Another day, another rally. Seems like the charts on my screen are always going out on the upper right part of the window. Today's session started out strong and never looked back. In fact, the buying accelerated in such a way during the latter half of the session as to look like panic short-covering. The end result was a 1.2% move for the SPX and a 2.5% surge on the NDX. Perhaps the action finally represents a capitulation of shorts from the summer rally. Then again, perhaps this is just wishful thinking.
The good news is I'm leaving the country tomorrow, and the last time I traveled abroad, the market swooned. Let's see if I can bring us bears such fortune again.
Gold and silver were spanked again in the early going, though gold recovered about half its losses and silver made it back to about even. In the early-going I picked up my first silver contract since April, and I intend to keep building this position as action permits. The early damage also saw mining shares getting hurt once again, but they put in excellent reversals to close positive. Maybe we can enjoy at least an intermediate-term rally from here. I've believed the miners would lead metals higher, so if the equities can put together a convincing rally, I will have much more confidence about picking up more silver contracts.
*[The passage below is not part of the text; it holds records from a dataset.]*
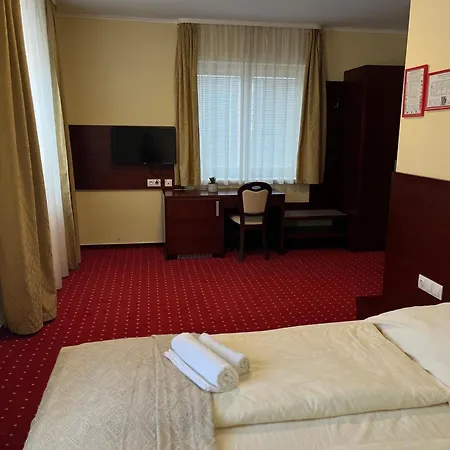 Prenocisca Zvezda בית הארחה 3*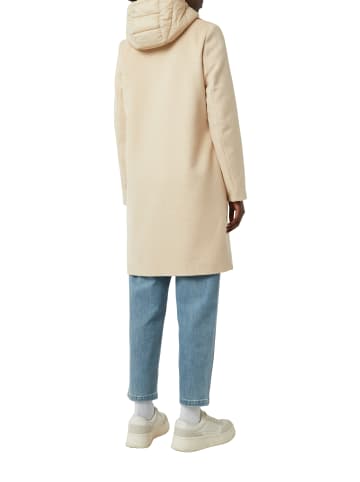 comma Mantel in sand - 0002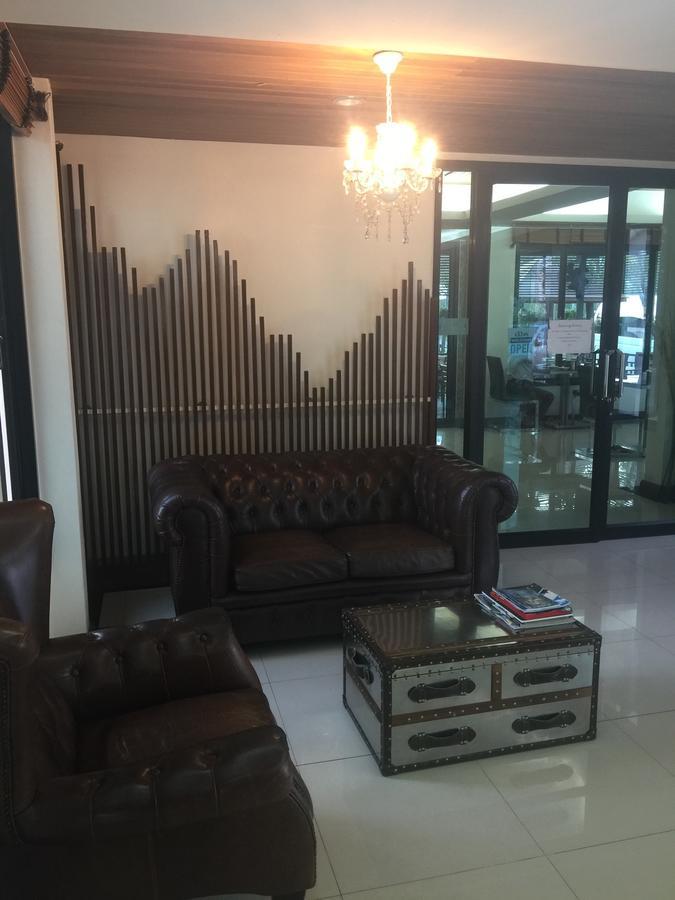 Grand Lopburi Hotel Exterior photo
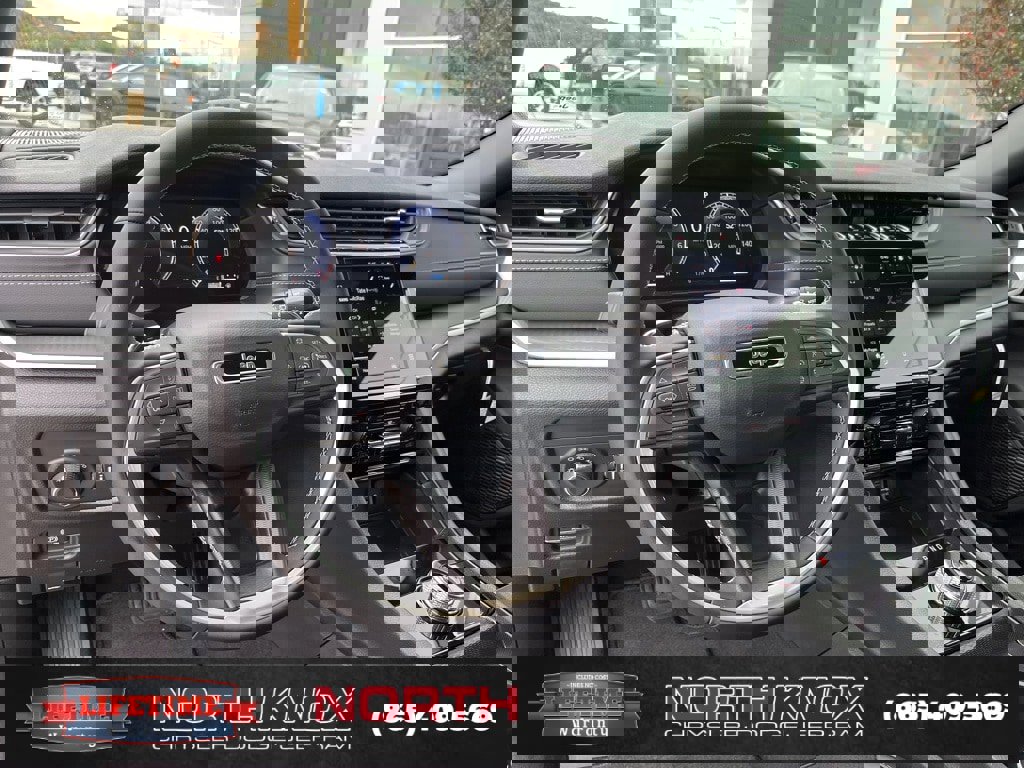 New 2025 Jeep Grand Cherokee L Altitude image 6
Wal-Mart shook up shareholders this morning by lowering expectations over September sales for the second time in a week. In response, WMT shares gapped 2% lower on the open, but it seems bad news expires more quickly than ever these days. Despite their warning, WMT got caught up in general a euphoria over retail shares and closed positive. I suppose traders are anticipating more celebration tomorrow when other retailers tell us how their Septembers went, and as usual, there were no qualms over Wal-Mart's warning shot. Bad news is always company-specific.